The findings demonstrate that PF-07304814, a highly soluble phosphate prodrug of PF-00835231, holds considerable promise as a potential intravenous treatment for COVID-19. The efficient in vivo conversion of PF-07304814 to PF-00835231, coupled with its favorable PK properties and robust antiviral activity against SARS-CoV-2, suggests its suitability for clinical development. The observed synergy/additivity with remdesivir adds further therapeutic value. The extensive preclinical safety profile supports the advancement of PF-07304814 into clinical trials. The efficient conversion of PF-07304814 to PF-00835231 in vivo further supports the design strategy for improving the bioavailability of PF-00835231. The study highlights the importance of considering drug efflux transporters in in vitro antiviral assays, particularly when using Vero cells, which express high levels of P-gp. Future studies should explore the potential for resistance development and the long-term safety of PF-07304814. The potential for combination therapies involving PF-07304814 should also be investigated.

This study provides comprehensive preclinical data supporting the clinical development of PF-07304814 as a potential COVID-19 treatment. The phosphate prodrug strategy successfully addressed the poor solubility and bioavailability of the active moiety PF-00835231. The potent broad-spectrum antiviral activity, favorable safety profile, and potential for combination therapy warrant further investigation in clinical trials. Future research should focus on optimizing dosing regimens, evaluating long-term safety, and investigating potential resistance mechanisms.

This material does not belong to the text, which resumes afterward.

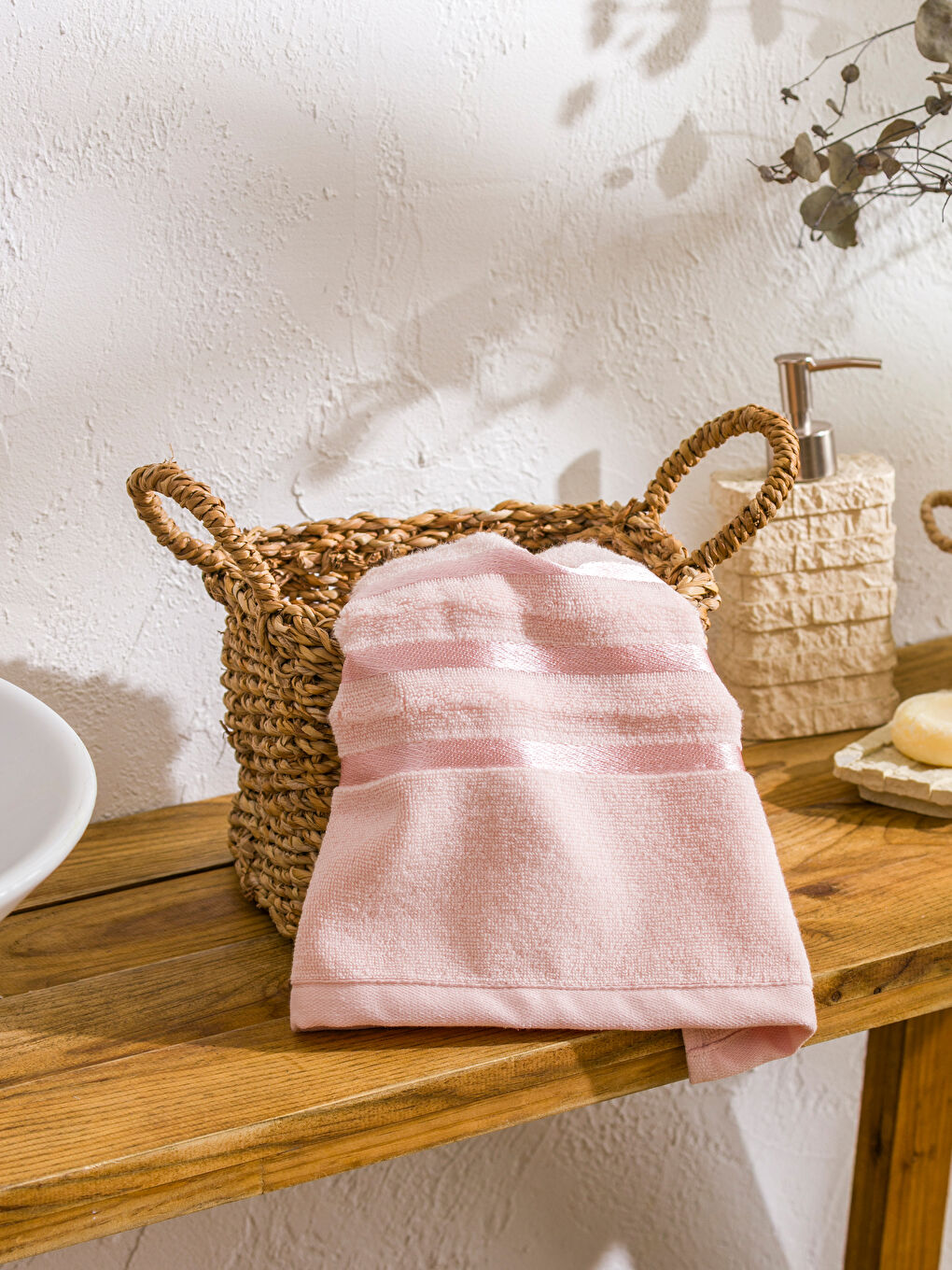 LCW HOME Vezeni pamučni ručni peškir 50x80 cm -W5HL23Z8-YFZ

The study primarily used in vitro and animal models, which may not fully reflect the complexity of human COVID-19 infection. While the mouse models utilized were designed to mimic human infection, there are inherent differences between animal and human physiology that could affect the translation of these findings to clinical settings. Further, human pharmacokinetic predictions are based on preclinical data, and there may be inter-individual variability in human response. The study didn't explicitly address resistance mechanisms.